Rep. David Lewis, a Harnett County Republican and a leader of the redistricting process that led to the 2016 congressional districts, acknowledged outright the maps were drawn to give Republicans an advantage.
“I propose that we draw the maps to give a partisan advantage to 10 Republicans and three Democrats because I do not believe it’s possible to draw a map with eleven Republicans and two Democrats,” Lewis said at the time
Wynn stated in the panel’s comprehensive opinion: “A partisan gerrymander that is intended to and likely has the effect of entrenching a political party in power undermines the ability of voters to effect change when they see legislative action as infringing on their rights. We agree with Plaintiffs that a wealth of evidence proves the General Assembly’s intent to ‘subordinate’ the interests of non-Republican voters and ‘entrench’ Republican domination of the state’s congressional delegation.”
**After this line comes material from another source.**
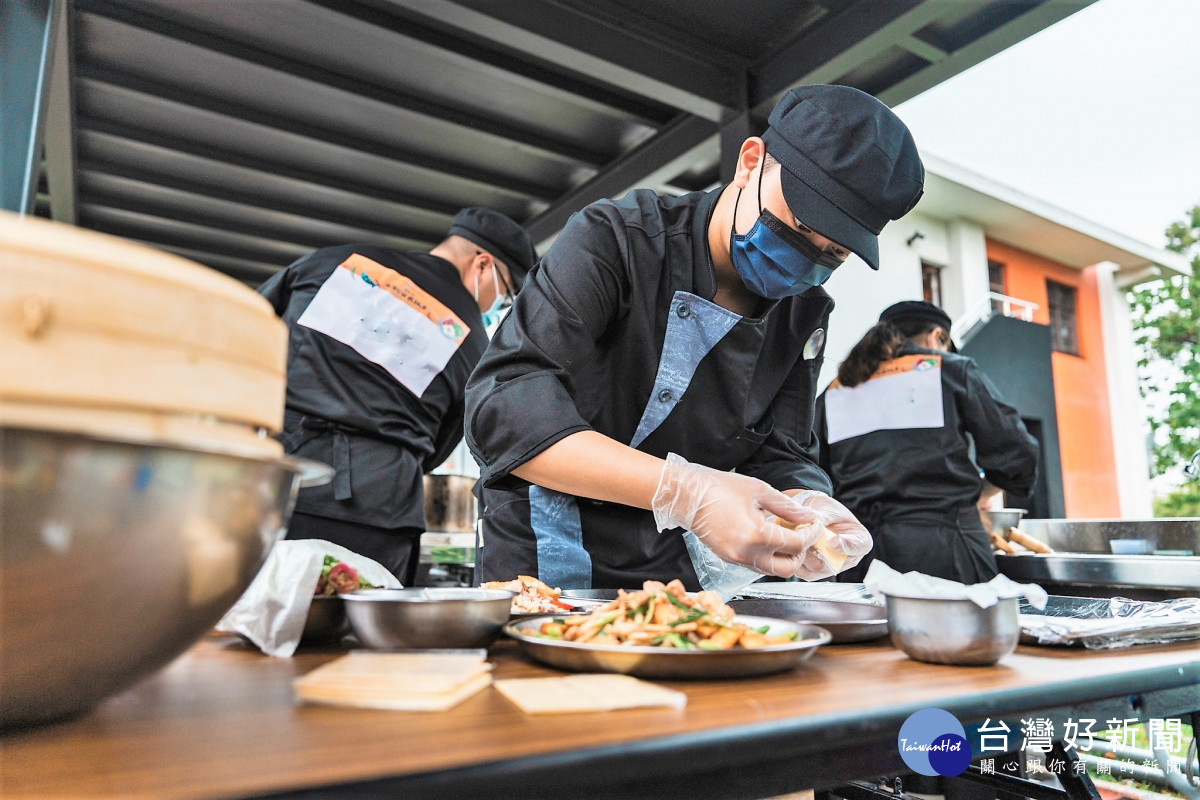 參賽選手全神貫注，烹飪拿手菜餚。(2022客家美食料理比賽示意圖)<br />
Li, Levitt and others said the North Carolina case could, indeed, have stronger elements than partisan gerrymander cases that proceeded it to the country’s highest court.
“North Carolina, in many ways, is an easy one because it has the easy bald-face statements,” Li said.
But when it goes back to the high court again and whether Trump’s nominee is seated by then, remains a question that no one can answer. It’s unclear, too, what will happen with future racial gerrymander claims.
Additional confusion was added this week, when the justices ruled 5-4 to uphold, for the most part, an array of congressional and legislative districts in Texas.
In an opinion written by Justice Samuel A. Alito Jr., the court’s more conservative members overturned lower court rulings that found them to be unconstitutional racial gerrymanders. Alito wrote that the trial court had “committed a fundamental legal error” by requiring state officials to justify their use of voting maps that had been largely drawn by the trial court itself.
Justice Sonia Sotomayor wrote in her dissent the majority opinion “does great damage to that right of equal opportunity.”
Is Roberts the new swing vote?
The Constitution and the Voting Rights Act “secure for all voters in our country, regardless of race, the right to equal participation in our political processes,” she wrote. “Those guarantees mean little, however, if courts do not remain vigilant in curbing states’ efforts to undermine the ability of minority voters to meaningfully exercise that right.”
Irv Joyner, a Durham attorney who has been at the table with the NAACP on voting rights cases, said this week that Kennedy turned out not to be the swing vote on partisan gerrymandering that critics of the practice had hoped to have.
“I think Kennedy on racial gerrymandering, he would have been a positive vote,” Joyner said. “On the partisan gerrymandering, he would have been an if.”
In Kennedy’s absence, some think Chief Justice John Roberts could become the vote that attorneys hope to swing.
Roberts raised concerns about the court’s reputation if it started weighing in on partisan gerrymandering. He feared that would lead the public to see the independent judiciary as favoring one party over another.
“Sociological gobbledygook” was how Roberts dismissed a mathematical formula that Democratic voters in the Wisconsin case used to try to bolster their claims that Republicans in the statehouse redrew lines in 2011 with discriminatory intent. The formula, called the “efficiency gap,” counts the number of votes wasted when voters are shifted into districts where their votes won’t matter, either because their party’s candidate can’t win or is already sure to win.
But in a Maryland case, Roberts asked how a map gerrymandered for partisan gain was any different from an unconstitutional statute that explicitly favored one party over the other.
“Will Roberts be the swing vote?” Joyner said. “I would hope that would be where he would end up.”